Extracted records section start

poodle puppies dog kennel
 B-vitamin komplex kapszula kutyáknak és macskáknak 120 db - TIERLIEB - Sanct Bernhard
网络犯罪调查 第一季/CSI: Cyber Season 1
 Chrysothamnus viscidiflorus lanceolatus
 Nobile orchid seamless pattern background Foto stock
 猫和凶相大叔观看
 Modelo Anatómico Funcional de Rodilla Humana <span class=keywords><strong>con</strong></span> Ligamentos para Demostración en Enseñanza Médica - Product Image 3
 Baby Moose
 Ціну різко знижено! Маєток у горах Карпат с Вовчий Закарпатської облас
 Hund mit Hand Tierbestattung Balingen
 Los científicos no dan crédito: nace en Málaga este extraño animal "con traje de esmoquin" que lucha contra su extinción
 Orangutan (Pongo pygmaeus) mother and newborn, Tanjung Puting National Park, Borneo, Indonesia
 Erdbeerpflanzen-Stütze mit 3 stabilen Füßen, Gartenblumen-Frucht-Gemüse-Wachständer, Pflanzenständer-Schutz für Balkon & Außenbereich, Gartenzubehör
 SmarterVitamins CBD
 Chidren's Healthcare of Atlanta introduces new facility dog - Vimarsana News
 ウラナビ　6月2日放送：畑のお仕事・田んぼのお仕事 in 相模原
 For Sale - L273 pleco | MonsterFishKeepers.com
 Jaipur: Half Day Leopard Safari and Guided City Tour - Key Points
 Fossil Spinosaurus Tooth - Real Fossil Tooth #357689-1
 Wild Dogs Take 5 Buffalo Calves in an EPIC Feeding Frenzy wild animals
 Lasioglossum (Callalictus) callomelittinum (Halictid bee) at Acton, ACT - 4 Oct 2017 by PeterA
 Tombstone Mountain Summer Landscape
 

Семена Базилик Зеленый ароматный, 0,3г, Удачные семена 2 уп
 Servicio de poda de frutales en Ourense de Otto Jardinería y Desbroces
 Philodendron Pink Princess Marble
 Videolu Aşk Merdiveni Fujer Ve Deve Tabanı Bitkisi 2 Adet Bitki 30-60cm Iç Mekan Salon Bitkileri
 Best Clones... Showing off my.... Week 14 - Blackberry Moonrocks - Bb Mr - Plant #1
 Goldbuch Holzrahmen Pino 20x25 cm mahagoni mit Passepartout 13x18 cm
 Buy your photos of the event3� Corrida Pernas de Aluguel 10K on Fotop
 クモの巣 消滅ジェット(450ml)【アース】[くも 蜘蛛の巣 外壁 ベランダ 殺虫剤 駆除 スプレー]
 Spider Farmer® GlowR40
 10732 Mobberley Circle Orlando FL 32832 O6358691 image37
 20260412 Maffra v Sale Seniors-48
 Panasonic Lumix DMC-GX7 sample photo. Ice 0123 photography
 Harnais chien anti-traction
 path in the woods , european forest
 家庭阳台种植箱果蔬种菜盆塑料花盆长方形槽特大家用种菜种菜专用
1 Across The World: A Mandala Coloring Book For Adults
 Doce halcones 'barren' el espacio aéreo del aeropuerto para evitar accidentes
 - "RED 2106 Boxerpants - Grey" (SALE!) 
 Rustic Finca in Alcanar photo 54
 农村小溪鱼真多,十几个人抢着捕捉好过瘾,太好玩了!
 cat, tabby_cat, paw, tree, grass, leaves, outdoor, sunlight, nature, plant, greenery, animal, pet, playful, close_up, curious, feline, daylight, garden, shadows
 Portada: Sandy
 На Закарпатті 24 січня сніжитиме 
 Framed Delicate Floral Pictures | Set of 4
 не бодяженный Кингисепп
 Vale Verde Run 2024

Extracted records section end

## [Work required]
Look above for the line that contains "Orangutan (Pongo pygmaeus)". Starting there, transcribe every line exactly until you have copied the line that contains "农村小溪鱼真多,十几个人抢着捕捉好过瘾,太好玩了!".

## [Solution to this problem]
 Orangutan (Pongo pygmaeus) mother and newborn, Tanjung Puting National Park, Borneo, Indonesia
 Erdbeerpflanzen-Stütze mit 3 stabilen Füßen, Gartenblumen-Frucht-Gemüse-Wachständer, Pflanzenständer-Schutz für Balkon & Außenbereich, Gartenzubehör
 SmarterVitamins CBD
 Chidren's Healthcare of Atlanta introduces new facility dog - Vimarsana News
 ウラナビ　6月2日放送：畑のお仕事・田んぼのお仕事 in 相模原
 For Sale - L273 pleco | MonsterFishKeepers.com
 Jaipur: Half Day Leopard Safari and Guided City Tour - Key Points
 Fossil Spinosaurus Tooth - Real Fossil Tooth #357689-1
 Wild Dogs Take 5 Buffalo Calves in an EPIC Feeding Frenzy wild animals
 Lasioglossum (Callalictus) callomelittinum (Halictid bee) at Acton, ACT - 4 Oct 2017 by PeterA
 Tombstone Mountain Summer Landscape
 

Семена Базилик Зеленый ароматный, 0,3г, Удачные семена 2 уп
 Servicio de poda de frutales en Ourense de Otto Jardinería y Desbroces
 Philodendron Pink Princess Marble
 Videolu Aşk Merdiveni Fujer Ve Deve Tabanı Bitkisi 2 Adet Bitki 30-60cm Iç Mekan Salon Bitkileri
 Best Clones... Showing off my.... Week 14 - Blackberry Moonrocks - Bb Mr - Plant #1
 Goldbuch Holzrahmen Pino 20x25 cm mahagoni mit Passepartout 13x18 cm
 Buy your photos of the event3� Corrida Pernas de Aluguel 10K on Fotop
 クモの巣 消滅ジェット(450ml)【アース】[くも 蜘蛛の巣 外壁 ベランダ 殺虫剤 駆除 スプレー]
 Spider Farmer® GlowR40
 10732 Mobberley Circle Orlando FL 32832 O6358691 image37
 20260412 Maffra v Sale Seniors-48
 Panasonic Lumix DMC-GX7 sample photo. Ice 0123 photography
 Harnais chien anti-traction
 path in the woods , european forest
 家庭阳台种植箱果蔬种菜盆塑料花盆长方形槽特大家用种菜种菜专用
1 Across The World: A Mandala Coloring Book For Adults
 Doce halcones 'barren' el espacio aéreo del aeropuerto para evitar accidentes
 - "RED 2106 Boxerpants - Grey" (SALE!) 
 Rustic Finca in Alcanar photo 54
 农村小溪鱼真多,十几个人抢着捕捉好过瘾,太好玩了!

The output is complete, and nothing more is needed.